DETAIL.ID, Jambi – Kemelut dunia pertambangan di Provinsi Jambi tampak masih menjadi permasalahan krusial. Salah satunya yang kini jadi sorotan sejumlah aktivis pemerhati hukum adalah hutang royalti atau Penerimaan Negara Bukan Pajak (PNPB) dan reklamasi pasca tambang eks Perjanjian Karya Pengusahaan Pertambangan Batubara (PKP2PB) PT National Thermal Coal (NTC) di Kabupaten Bungo.
“Persoalan batu bara belakangan mengingatkan kami dengan kebijakan Dirjen Minerba 27 November dan 5 Desember 2008. Dirjen Minerba Bambang Setiawan meminta PT NTC untuk menindaklanjuti seluruh hasil rapat yang berkaitan dengan kewajiban PT NTC,” kata Sekretaris LBH RI, Deni Irawan, dalam rilis yang diperoleh awak media, Selasa 11 Oktober 2022.
Saat itu, lanjut dia, Dirjen Minerba Bambang Setiawan telah mengingatkan agar PT NTC segera menyelesaikan seluruh kewajibannya.
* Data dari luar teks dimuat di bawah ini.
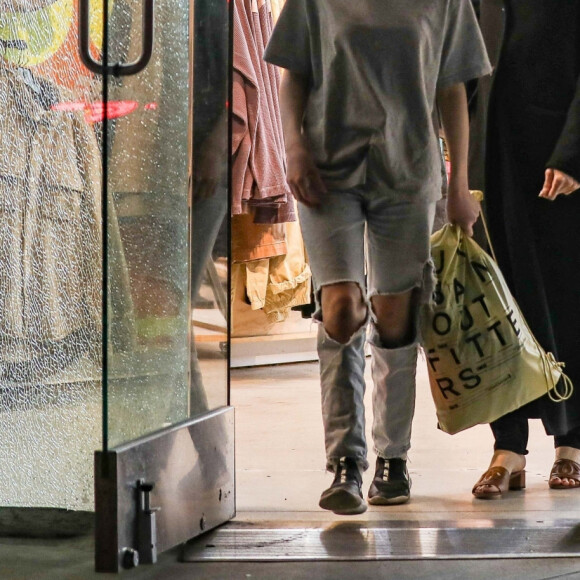 Angelina Jolie et sa fille Shiloh font du shopping à Los Angeles le 24 janvier 2022.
Terkait perbaikan manajemen kontrak sesuai PKP2B, perencanaan tambang yang sesuai dengan good mining practice, perencanaan lingkungan dan K3 serta membuat kesepakatan kerjasama penambangan dengan dengan sub kontraktor.
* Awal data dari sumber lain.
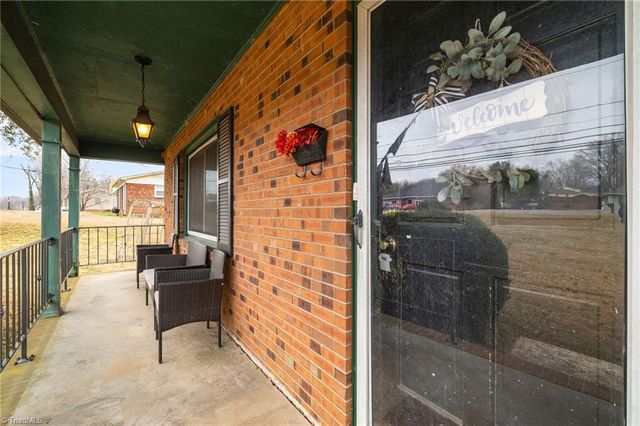 607 W Academy Street, Randleman, NC 27317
“Dan perkembangan kesepakatan tersebut diatas harus dilaporkan secara periodik per minggu kepada kita dan kita juga meminta kepada pihak PT NTC untuk segera menyelesaikan kewajibannya,” ujarnya.
Menurut Deni, semua kewajiban tersebut sesuai dengan ketentuan yang terdapat pada surat Direktur Tehnik dan Lingkungan Mineral Batu Bara dan Panas Bumi No.1681/37/DBT/2008 tanggal 27 Oktober 2008 dan Surat Direktur Pembinaan Pengusahaan Mineral Batu Bara No. 2562/30.01/DBM/2008 tanggal 31 Oktober 2008.
Dirjen Minerba juga mengingatkan, bahwa penghentian sementara kegiatan penambangan untuk melakukan pembenahan, PT NTC dan Sub Kontraktor tidak dioerkenankan untuk melakukan kegiatan produksi, kecuali kegiatan yang bersifat maintenance dan perbaikan lingkungan dan sedapat mungkin menghindari Pemutusan Hubungan Kerja (PHK).
Kemudian pada tahun 2012, kata Deni, Dirjen Minerba kembali menagih janji tersebut dan sampai akhirnya tahun 2014 izin PKP2B dibekukan oleh Menteri ESDM.
“Atas dasar tersebut, kami yang merupakan Lembaga Bantuan Hukum Republik Indonesia (LBH – RI) Provinsi Jambi meminta,” ujarnya.
1. Dirjen Minerba Kementerian ESDM RI untuk menjelaskan kepada publik IUP-OP yang masih beroperasi diwilayah Rantau Pandan
2. Apakah KBPC merupakan salah satu perusahaan pemegang IUO-OP yang memiliki kewajiban Rolayti PNPB, dan jaminan reklamasi, seperti apa yang disuarakan/dituntut oleh rekan-rekan di Jakarta.
3. Umumkan kepada publik apa dan sejauhmana tanggungjawab PT NTC dan perusahaan pemegang saham serta sub kontraktor dalam tunggakan Royalti (PNPB) dan reklamasi tambang.
4. Kepada KPK RI, Mabes Polri, Kejaksaan Agung untuk segera melakukan langkah-langkah hukum terkait tanggungjawab dan kegiatan pertambangan sebagaimana diatur UU Minerba.
5. Meminta dan menuntut penjelasan menyeluruh terkait kewajiban dan tanggungjawab PT NTC dan Subkontraktor pasca dicabut izin PKP2B di blok Rantau Pandan, Kab Bungo.
6. Kami menduga bahwa pemicu konflik yang terjadi beberapa waktu lalu akibat dari munculnya salah satu perusahaan pemegang saham PT NTC mengklaim bahwa masih memiliki aset di wilayah eks PT NTC, padahal perusahaan PT NTC masih memiliki utang kepada negara.
“Sebagai sesama penegak hukum, kami LBH RI Provinsi Jambi yakin dan percaya bahwa Mabes Polri, Kejaksaan Agung, KPK RI, Kementerian ESDM, dan Kementerian Keuangan dapat menuntaskan polemik carut marut dan tanggung jawab PT NTC di Kabupaten Bungo. Jadi persoalan ini harus segera disikapi,” ujarnya.